# Possibly the best 10m shots I have ever seen.



## inconvenience (Mar 21, 2016)

(If this has already been posted, I apologize for the incon...)


----------



## Yosemite Sam (Feb 18, 2016)

Awesome shooting.

Sent from my iPhone using Tapatalk


----------



## honorary pie (Feb 12, 2015)

the best? me thinks not... but anyone who would claim it, is welcome to believe it... great shot though, could only have been improved by a swish sound..


----------



## brucered (Dec 30, 2015)

I've seen better on here. I believe it may be James West recently who blew me away with some target shooting, OTT as well!

http://slingshotforum.com/index.php?/topic/70257-Grouping-on-paper
Grouping on paper


----------



## CornDawg (Sep 27, 2015)

Umm:


----------



## brucered (Dec 30, 2015)

Yup, that guy too.

But it took him 1 warm up shot, so it wasn't as impressive as it could have been. 

The swinging card cut is also one that wowed me and left me in awe.


----------



## inconvenience (Mar 21, 2016)

9.5mm steel into a 10mm hole though?


----------



## inconvenience (Mar 21, 2016)

brucered said:


> Yup, that guy too.
> 
> But it took him 1 warm up shot, so it wasn't as impressive as it could have been.
> 
> The swinging card cut is also one that wowed me and left me in awe.


Treefork's casual swinging card cuts both inspire and humble me.

But I thought putting 9.5mm steel into a 10mm hole is almost impossible.


----------



## Ibojoe (Mar 13, 2016)

CornDawg said:


> Umm:


 I think you got that right Corndog! Not only precision but with the power to push it through both cards. Awesome shooting Treefork!!


----------



## inconvenience (Mar 21, 2016)

Maybe I should have emphasized what he is doing. Is no one else amazed that he has a 1/2mm margin of error for these shots?

I do of course love Treefork's stuff and they are probably my favorite shots. How casual he is about it is half the "show."

But HALF A MILLIMETER MARGIN OF ERROR AT 10 METERS?

No one else thinks this is amazing?

Maybe it is the presentation.


----------



## brucered (Dec 30, 2015)

I'm not doubting it's an amazing shot, takes skill and accuracy. I do believe there is more than 1/2mm of wiggle room though. Like how a pool ball will drop in the pocket, regardless of it being direct or off a cushion. Or a dart that hits the wire guide and hits a triple 20 vs a triple 1.

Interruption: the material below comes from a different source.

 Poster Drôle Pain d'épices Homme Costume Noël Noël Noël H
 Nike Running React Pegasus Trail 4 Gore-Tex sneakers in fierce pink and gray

Again, great shot. Maybe I'm just more appreciative of fine shooting from forum members I interact with vs a YouTube stranger. I know that isn't a fair criteria for justing a shot, but it is a personal bias of mine.


----------



## inconvenience (Mar 21, 2016)

brucered said:


> I'm no doubting it's an amazing shot, takes skill and accuracy. I do believe there is more than 1/2mm of wiggle room though. Like how a pool ball will drop in the whole, regardless of it being direct or off a bumper.
> 
> Again, great shot. Maybe. Just more in awe and appreciate fine shooting from members and not a YouTube stranger. I know that isn't a fair criteria for justing a shot, but it is a personal bias of mine.


No that's cool.

I feel the same way.

To me the guy isn't a stranger per say. I also use the Slingshot Community forums a little bit. That guy is the maker of Romany Custom Catapults. He makes lovely stuff.

You are right about the bumper effect though. I didn't take that into consideration. But for two of those shots it was "nothing but net."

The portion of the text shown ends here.